1 Timothy 3:1-16 . RULES AS TO BISHOPS (OVERSEERS) AND DEACONS. THE CHURCH, AND THE GOSPEL MYSTERY NOW REVEALED TO IT, ARE THE END OF ALL SUCH RULES.

1. Translate as Greek, "Faithful is the saying." A needful preface to what follows: for the office of a bishop or overseer in Paul's day, attended as it was with hardship and often persecution, would not seem to the world generally a desirable and "good work."
desire--literally, "stretch one's self forward to grasp"; "aim at": a distinct Greek verb from that for "desireth." What one does voluntarily is more esteemed than what he does when asked ( 1 Corinthians 16:15 ). This is utterly distinct from ambitious desires after office in the Church. ( James 3:1 ).
bishop--overseer: as yet identical with "presbyter" ( Acts 20:17 Acts 20:28 , Titus 1:5-7 ).
good work--literally, "honorable work." Not the honor associated with it, but the work, is the prominent thought ( Acts 15:38 , Philippians 2:30 ; compare 2 Timothy 4:5 ). He who aims at the office must remember the high qualifications needed for the due discharge of its functions.

2. The existence of Church organization and presbyters at Ephesus is presupposed ( 1 Timothy 5:17 1 Timothy 5:19 ).
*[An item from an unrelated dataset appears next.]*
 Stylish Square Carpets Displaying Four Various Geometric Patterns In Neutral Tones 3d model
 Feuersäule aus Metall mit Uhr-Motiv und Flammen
The institution of Church widows ( 1 Timothy 5:3-25 ) accords with this. The directions here to Timothy, the president or apostolic delegate, are as to filling up vacancies among the bishops and deacons, or adding to their number. New churches in the neighborhood also would require presbyters and deacons. Episcopacy was adopted in apostolic times as the most expedient form of government, being most nearly in accordance with Jewish institutions, and so offering the less obstruction through Jewish prejudices to the progress of Christianity. The synagogue was governed by presbyters, "elders" ( Acts 4:8 , 24:1 ), called also bishops or overseers. Three among them presided as "rulers of the synagogue," answering to "bishops" in the modern sense [LIGHTFOOT, Hebrew and Talmudic Exercitations], and one among them took the lead. AMBROSE (in The Duties of the Clergy [2.13], as also BINGHAM [Ecclesiastical Antiquities, 2.11]) says, "They who are now called bishops were originally called apostles. But those who ruled the Church after the death of the apostles had not the testimony of miracles, and were in many respects inferior. Therefore they thought it not decent to assume to themselves the name of apostles; but dividing the names, they left to presbyters the name of the presbytery, and they themselves were called bishops." "Presbyter" refers to the rank; "bishop," to the office or function. Timothy (though not having the name) exercised the power at Ephesus then, which bishops in the modern sense more recently exercised.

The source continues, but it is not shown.